Ele jamais se importaria em admitir que uma ideia era imperfeita, ou estivesse errada. E essa é exatamente a atitude que fez com que sua contribuição ao debate desses temas evoluísse constantemente – como as espécies – fosse, para sempre, inegável.
Rebelar-se, para Wilson, era não renunciar ao sonho de expandir o conhecimento – mesmo desafiando o status quo. Os ataques de tantos eram apenas parte do que isso custava, e parte do processo e do pensamento de um cientista. Para os que reagem com estranheza a essa lógica científica, lembro sempre que o cinema está repleto de narrativas de alguém que busca seus sonhos. Que faz alguma coisa não por dever ou necessidade, mas porque ama. Essas pessoas em geral não desistem, mesmo em face de incontáveis obstáculos e críticas. O filme ícone desse tema, Campo dos Sonhos, um favorito entre cientistas, mostra o protagonista construindo um campo de beisebol no meio de um milharal. Todos acreditam, e lhe dizem, que ele enlouqueceu: as fazendas e a economia local estão morrendo. Mas ele persiste. Porque sonha.
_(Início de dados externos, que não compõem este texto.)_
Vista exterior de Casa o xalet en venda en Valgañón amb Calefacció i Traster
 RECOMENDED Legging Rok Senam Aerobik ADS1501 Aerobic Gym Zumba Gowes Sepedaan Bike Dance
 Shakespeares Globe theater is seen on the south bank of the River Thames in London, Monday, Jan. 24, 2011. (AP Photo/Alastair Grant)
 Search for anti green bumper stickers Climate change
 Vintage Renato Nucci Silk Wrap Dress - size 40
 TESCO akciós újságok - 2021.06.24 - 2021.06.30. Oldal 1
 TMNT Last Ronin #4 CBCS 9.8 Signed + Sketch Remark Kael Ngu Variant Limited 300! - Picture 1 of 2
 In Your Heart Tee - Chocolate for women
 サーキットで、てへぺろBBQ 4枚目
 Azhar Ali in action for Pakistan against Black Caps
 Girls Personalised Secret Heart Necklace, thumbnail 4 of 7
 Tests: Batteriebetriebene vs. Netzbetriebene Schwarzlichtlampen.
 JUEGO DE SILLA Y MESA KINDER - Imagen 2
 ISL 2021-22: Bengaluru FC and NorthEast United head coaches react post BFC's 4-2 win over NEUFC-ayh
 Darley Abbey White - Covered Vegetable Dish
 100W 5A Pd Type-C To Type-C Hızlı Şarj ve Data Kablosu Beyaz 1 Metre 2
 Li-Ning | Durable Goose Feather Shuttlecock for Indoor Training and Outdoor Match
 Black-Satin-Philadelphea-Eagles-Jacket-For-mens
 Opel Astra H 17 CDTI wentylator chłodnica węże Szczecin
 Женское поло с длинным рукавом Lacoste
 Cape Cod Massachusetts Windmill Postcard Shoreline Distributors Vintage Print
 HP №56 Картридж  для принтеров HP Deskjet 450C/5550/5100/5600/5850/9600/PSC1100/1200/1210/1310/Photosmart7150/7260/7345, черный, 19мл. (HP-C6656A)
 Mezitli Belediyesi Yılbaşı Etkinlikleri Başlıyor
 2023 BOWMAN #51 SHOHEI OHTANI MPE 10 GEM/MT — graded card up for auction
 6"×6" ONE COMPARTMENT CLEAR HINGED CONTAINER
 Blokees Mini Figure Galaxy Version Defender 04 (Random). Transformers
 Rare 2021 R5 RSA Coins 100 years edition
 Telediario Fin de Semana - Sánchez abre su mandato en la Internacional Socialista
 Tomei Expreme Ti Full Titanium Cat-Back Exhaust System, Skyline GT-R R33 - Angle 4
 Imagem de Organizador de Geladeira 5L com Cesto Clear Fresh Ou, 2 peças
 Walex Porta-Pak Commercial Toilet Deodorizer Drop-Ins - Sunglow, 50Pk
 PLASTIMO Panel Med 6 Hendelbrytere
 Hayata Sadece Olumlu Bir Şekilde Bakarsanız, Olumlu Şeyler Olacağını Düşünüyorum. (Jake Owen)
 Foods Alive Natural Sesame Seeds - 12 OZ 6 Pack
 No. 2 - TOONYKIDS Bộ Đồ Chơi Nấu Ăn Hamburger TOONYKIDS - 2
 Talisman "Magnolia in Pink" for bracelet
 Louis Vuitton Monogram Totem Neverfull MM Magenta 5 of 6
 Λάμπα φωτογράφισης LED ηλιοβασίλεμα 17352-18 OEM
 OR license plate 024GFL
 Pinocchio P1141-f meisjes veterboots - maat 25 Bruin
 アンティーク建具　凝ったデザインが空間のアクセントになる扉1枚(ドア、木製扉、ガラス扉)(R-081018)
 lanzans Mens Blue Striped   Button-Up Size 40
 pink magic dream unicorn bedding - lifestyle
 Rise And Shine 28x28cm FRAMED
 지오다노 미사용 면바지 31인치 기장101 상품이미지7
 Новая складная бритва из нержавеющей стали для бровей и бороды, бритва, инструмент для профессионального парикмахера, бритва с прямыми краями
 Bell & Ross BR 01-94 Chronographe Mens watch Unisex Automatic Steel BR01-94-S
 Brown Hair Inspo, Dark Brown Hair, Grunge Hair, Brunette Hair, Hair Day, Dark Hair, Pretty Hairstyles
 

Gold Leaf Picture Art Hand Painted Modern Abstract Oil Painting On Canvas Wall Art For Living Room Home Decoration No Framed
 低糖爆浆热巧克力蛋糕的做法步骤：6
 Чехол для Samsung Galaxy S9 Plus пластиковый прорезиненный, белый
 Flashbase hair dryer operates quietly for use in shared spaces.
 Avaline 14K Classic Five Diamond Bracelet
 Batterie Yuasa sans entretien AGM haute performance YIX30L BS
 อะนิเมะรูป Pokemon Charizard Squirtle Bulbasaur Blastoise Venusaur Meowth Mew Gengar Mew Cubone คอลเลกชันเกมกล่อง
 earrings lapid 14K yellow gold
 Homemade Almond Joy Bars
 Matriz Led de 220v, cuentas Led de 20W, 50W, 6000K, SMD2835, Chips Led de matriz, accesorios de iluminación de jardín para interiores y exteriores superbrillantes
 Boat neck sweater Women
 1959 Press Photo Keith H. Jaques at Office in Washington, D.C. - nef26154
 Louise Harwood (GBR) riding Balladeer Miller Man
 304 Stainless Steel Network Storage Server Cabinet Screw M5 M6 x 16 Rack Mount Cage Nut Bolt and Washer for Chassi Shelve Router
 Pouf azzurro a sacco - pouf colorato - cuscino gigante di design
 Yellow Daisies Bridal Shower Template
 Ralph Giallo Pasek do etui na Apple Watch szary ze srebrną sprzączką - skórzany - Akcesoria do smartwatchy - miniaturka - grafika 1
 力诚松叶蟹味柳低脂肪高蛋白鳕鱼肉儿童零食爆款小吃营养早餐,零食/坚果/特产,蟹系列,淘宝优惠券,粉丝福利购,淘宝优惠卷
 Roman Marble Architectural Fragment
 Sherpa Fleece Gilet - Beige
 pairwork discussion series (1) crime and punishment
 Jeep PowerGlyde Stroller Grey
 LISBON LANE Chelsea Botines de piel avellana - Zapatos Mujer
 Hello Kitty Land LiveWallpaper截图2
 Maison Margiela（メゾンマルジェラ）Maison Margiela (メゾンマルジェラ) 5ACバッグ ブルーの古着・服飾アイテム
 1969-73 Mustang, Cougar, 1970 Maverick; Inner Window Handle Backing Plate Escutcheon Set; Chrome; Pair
Mais do que nunca, em 2021, os cientistas mostraram que, sim, conciliar lógica e sonho pode ser um jeito de viver. Neste ano, foram os sonhos de cientistas que inspiraram e, no fim, protegeram a humanidade. Olhando para trás e revendo essa dura jornada, não podemos negar que, como diria Herman Hesse, por ser dura ela não deixa de ser bela.
Wilson entendia que sempre existirão os que apenas enxergam um milharal, no meio do nada. Não seja um deles. Não odeie os que escolheram buscar seus sonhos; não odeie o sonho de expandir a mente e o conhecimento. Neste ano que chega, e nos que virão, tente lembrar qual era o seu. E rebele-se.